The options for the treatment of the adrenal myelolipoma include conservative management and surgical resection. As a noninvasive treatment, conservative management could avoid surgery-related complications; however, it is no use to relieving symptoms, which could be solved through surgical resection. Besides, surgical management could also reduce the risk of hemorrhagic shock caused by spontaneous rupture, and what is more, no recurrence was reported after surgery. The indications for surgical resection remain controversial. Some believed that operation should be suggested to patients whose tumor was larger than 4 cm. 15 Whereas others argued that if the tumor diameter was less than 10 cm, abdominal US or CT should be given every 1–2 years, otherwise, operation should be suggested, because larger myelolipomas are linked to increased risks of hemorrhage and hemorrhagic shock. 16 In our study, around 50% of patients were admitted due to lumbago, and postoperative pathology also revealed a higher rate of tumor hemorrhage.
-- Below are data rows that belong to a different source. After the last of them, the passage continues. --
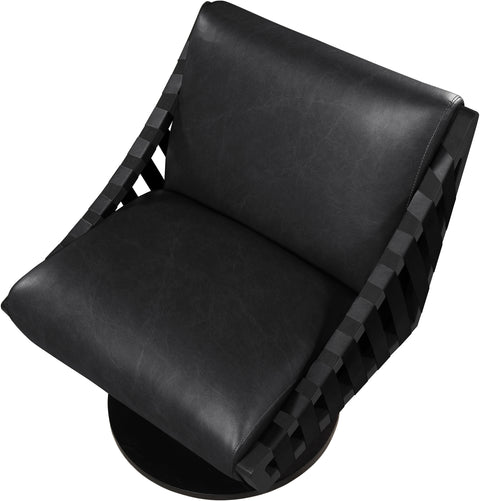 Nola Black Vegan Leather Upholstered Swivel Accent Chair, 1 Piece (Style 2)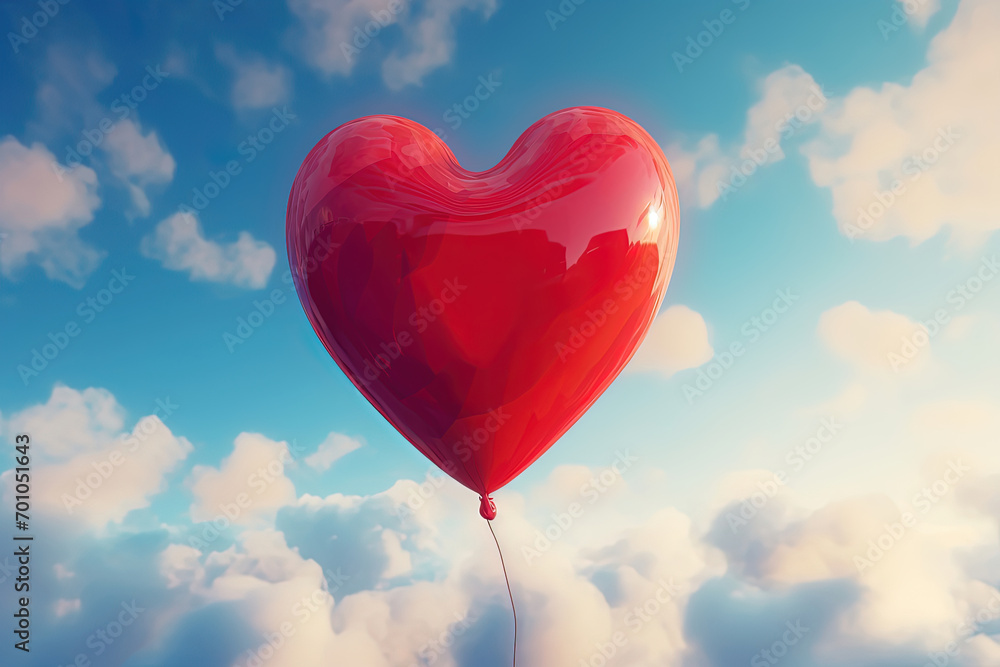 3D Red Heart-Shaped Hot Air Balloons Soaring in the Sky. Valentine's Day, Mother's Day, Birthday, Party Celebration with Ample Copy Space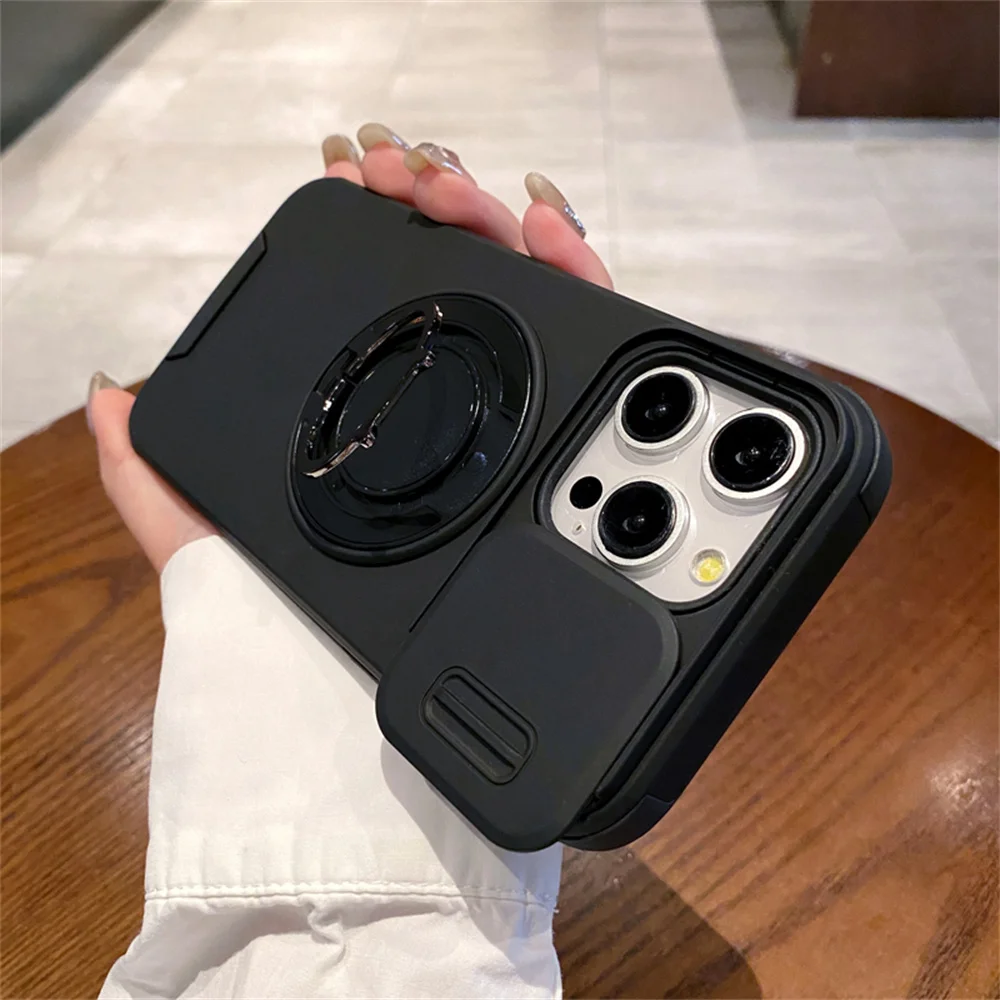 Coque de protection magnétique rotative pour iPhone 15 16 Pro Max 14 13 12 11 avec protection d'objectif d'appareil photo coulissant et coque antichoc_voghion.com
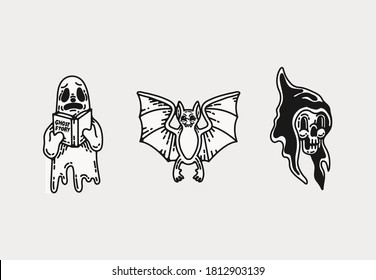 halloween scary occult witchcraft vector illustrations, elements for graphic design projects, clip art flashsheet. isolated graphics for logos invitations, icons , tattoos and creative projects.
Open surgery used to be the unique surgical option. For larger tumors, the ipsilateral adrenal should also be removed together with the tumor. Laparoscopic surgeries have been the gold standard for adrenal diseases since 1990s. Adrenal myelolipoma is a relatively rare disease, from case reports to original research, more and more publications described the efficacy and safety of laparoscopic surgery for treatment of this lesion. 5 –7,17
Tumors larger than 6 cm used to be the contradiction for laparoscopic adrenal surgeries; however, this has changed due to the accumulation of experience in laparoscopic adrenal surgery. 18,19 In this study, 10 patients with a tumor larger than 6 cm received laparoscopic surgeries, and no increased risk of bleeding and other complications were found. For larger tumors, several laparoscopic technical points need concern. The vessels of the right adrenal are short, more attention should be paid to protect the inferior vena cava from tearing when dissecting, and for the tumor located in the left, the relationship between the tumor and the tail of pancreas or spleen should be noted in case of pancreas and spleen damage. Meanwhile, injuries to the kidney and its blood vessels should also be avoided.
Many studies have been carried out to compare transperitoneal and retroperitoneal laparoscopic surgery for treatment of adrenal diseases. The transperitoneal route could provide a larger working space and better view of anatomical landmarks for surgeons, while the retroperitoneal approach, on the other hand, provides direct access to the adrenal gland and allows extraperitoneal dissection without bowel manipulation and, both trans- and retroperitoneal approaches can yield satisfactory surgical outcomes in experts' hands. No significant difference was found in major indicators between the two surgical routes. 20,21 It is reported that the prognosis of myelolipoma is good. In our study, the longest follow-up time was 10 years, no recurrence and canceration were observed.
Conclusion
Both retroperitoneal laparoscopic and open surgeries were efficient and safe for treatment of large or symptomatic adrenal myelolipoma, retroperitoneal laparoscopic surgery has the advantage of minimal invasion and rapid recovery.
Footnotes
Disclosure Statement
No competing financial interests exist.